And I appreciate the fact that folks that live in the Lower Su area have started to tolerate my habit of skiing on every trail that goes anywhere.  And that they've stopped shooting at me!  Just kidding, my neighbors ... just kidding!

     

Skating the Ice Road

This year Enstar made a 12 mile ice road to the Big Susitna River for gas pipeline maintenance work.  Ice roads in this area are rare events. I couldn't pass up this opportunity to skate the ice road, using Nordic Blades. OK - so this isn't skiing.  But it sure was fun.
     

Ice Road Pictures

The reason for Enstar's ice road was to transport directional drilling equipment out to the Big Susitna River.  A section of the pipeline that brings natural gas from the Beluga Gas Fields to the road system was being threatened by the shifting channel of the Big Su.  So a new section of pipe was placed under the main channel of the Big Su.  To do this a mile long, 30 inch hole was drilled down 70 feet, then west under the Big Susitna River and then back up to the surface on the other side.  Then came the amazing part.  Over a mile of 22 inch pipe, that was all welded together on the west side of the river, was then PULLED back through the hole to the east side.  Whenever I was out on ski training loops in this area this winter, I would stop by to see how the boys were doing.  I'd stop and talk to the guys.  I think I asked so many questions that I know how to do this engineering feat now!  Bottom line ... it was very interesting seeing this whole operation unfold.  Thanks to the pipeline workers that took the time to talk to the guy that would show up out of nowhere on skis!!

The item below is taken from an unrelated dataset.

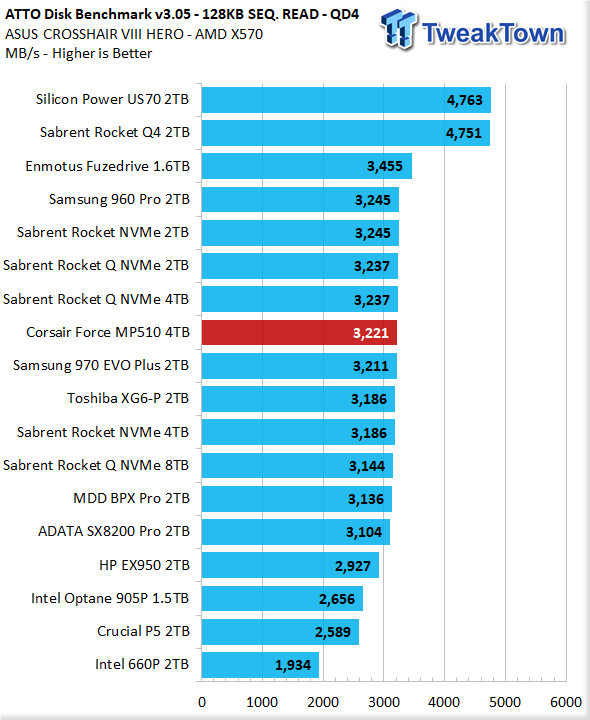 Corsair Force Series MP510 4TB NVMe PCIe Gen3 x4 M.2 SSD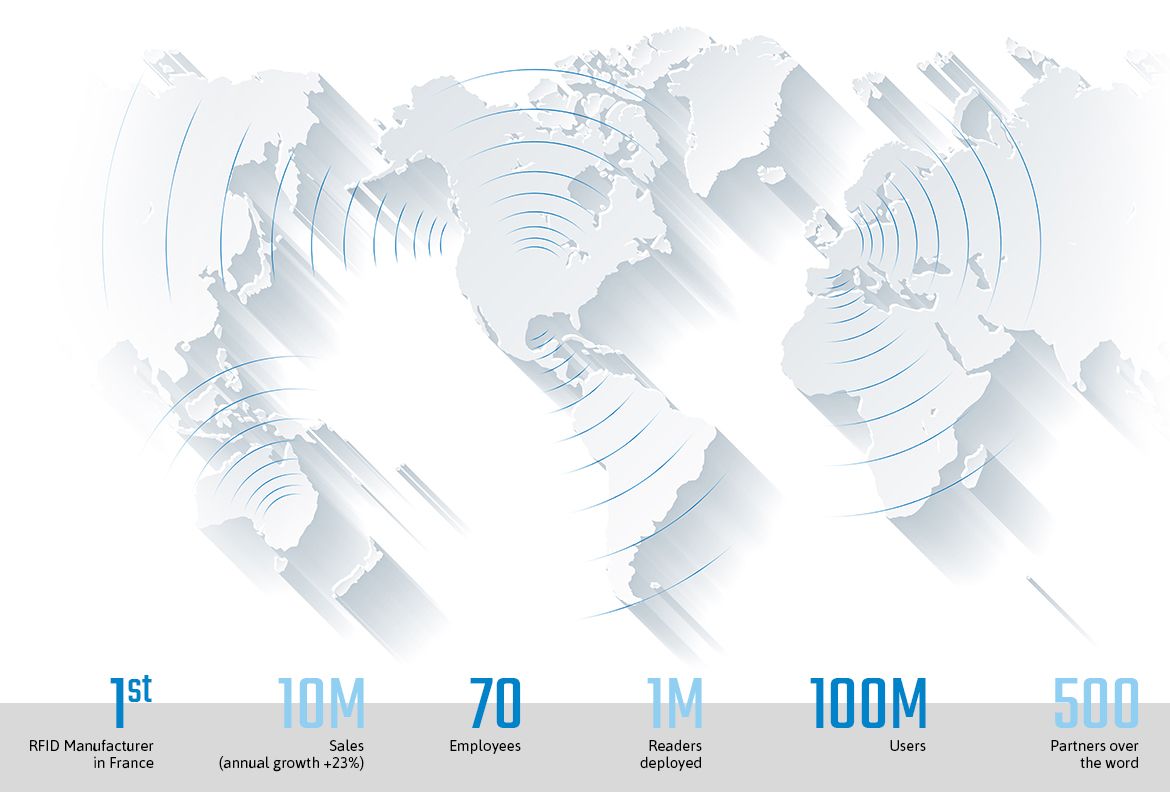 STid world map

The ice road started at the end of Ayrshire Road on Pt. MacKenzie.  Thank you Enstar for accommodating local traffic!! This an early stage of the ice road, before the surface was watered down heavily.  It's so neat to drive out here - I was coming up with many reasons to go out the road. Ice bridge across the Little Susitna River.
The folks that live at Alexander Creek and Flathorn Lake got a treat.  A tank truck filled with heating fuel came out near them this year.  This saved them a lot of work snowmobile hauling their fuel to their homes. Finally ... they made a tent big enough for a couple that has Malamutes for pets! Huge Weatherport-like tents were erected on both side of the river to house drilling and excavation equipment.
On Bell Island one mile of pipe was laid out. And then welded together. These side-boom cats are used to move the pipe.
   
  This is a pipe roller.  They had a lot of these - so when they pulled the pipe it would roll along on these.  
     

Skiing Photos

Evening ski with pals. The Mat-Su Borough claims they have over 2000 miles of trails.  I think they are underestimating.  There are lots of local trails, like this great one that hardly anyone knows about.  And that's a good thing. But it can also be a bad thing to go on remote private trails if you are not wanted there.  There is no police out here, so local residents have to do their own enforcement.  And they do.
Here's a panoramic of a lower part of the Big Susitna River.  It's amazing to think that when you are skating along on river trails here, that in a few months, on the exact spot you are skiing, there will likely be 20 feet of water and seals chasing salmon up the river.
Mt. Susitna and a Knik 200 Sled Dog Race marker. Susitna means "sand river" in Denaina Athabascan. I wonder what the Denaina word is for "sand snow".
Winter in Alaska means looooong shadows. With global warming is the rash inducing cow's parsnip plant becoming a tree?!?!   
   
  A moose drops an antler, and a skier has a good ski boot drying rack.  
     

Long Abandoned Cabins

Occasionally out skiing I will happen upon old abandoned cabins.  I respect the property and never take anything except pictures.  But I like to look around and see if I can figure out what the story was "back in the day" when folks lived in these extremely remote locations.  The cabins pictured below were once a homestead where people lived 40 to 50 years ago, I'm guessing.  And for whatever reason, they just left ... and left a good chunk of their life frozen in time out in the boonies.  Who were they?  Why did they leave?  The bush has a lot of mysteries.

One run-down cabin at the site had an interesting relic next to it ... ... a mid 1950's snowmobile.  One of the earliest that Polaris made.  The engine was behind the seat and the track rotated around on wooden rails. I dated the snowmobile thanks to this snowmobile of the same vintage parked in front of Suzie's Cafe in Sterling, AK.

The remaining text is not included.